[Start of section]

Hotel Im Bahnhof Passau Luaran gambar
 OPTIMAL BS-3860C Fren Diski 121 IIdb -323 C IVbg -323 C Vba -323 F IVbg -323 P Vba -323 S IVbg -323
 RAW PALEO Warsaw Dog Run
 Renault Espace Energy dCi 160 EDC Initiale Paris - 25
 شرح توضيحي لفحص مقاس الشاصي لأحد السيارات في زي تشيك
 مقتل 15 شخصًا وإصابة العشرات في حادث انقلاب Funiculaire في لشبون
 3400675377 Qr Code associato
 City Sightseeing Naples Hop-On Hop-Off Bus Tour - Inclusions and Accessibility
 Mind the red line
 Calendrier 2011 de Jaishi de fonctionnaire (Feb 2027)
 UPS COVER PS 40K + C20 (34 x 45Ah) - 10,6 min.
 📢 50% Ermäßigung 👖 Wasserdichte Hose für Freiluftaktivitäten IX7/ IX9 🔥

[End of section]

All that is wanted is a faithful reproduction of the line above with "RAW PALEO Warsaw Dog Run", the line with "3400675377 Qr Code associato", and every line in between.

> _Answer section_
 RAW PALEO Warsaw Dog Run
 Renault Espace Energy dCi 160 EDC Initiale Paris - 25
 شرح توضيحي لفحص مقاس الشاصي لأحد السيارات في زي تشيك
 مقتل 15 شخصًا وإصابة العشرات في حادث انقلاب Funiculaire في لشبون
 3400675377 Qr Code associato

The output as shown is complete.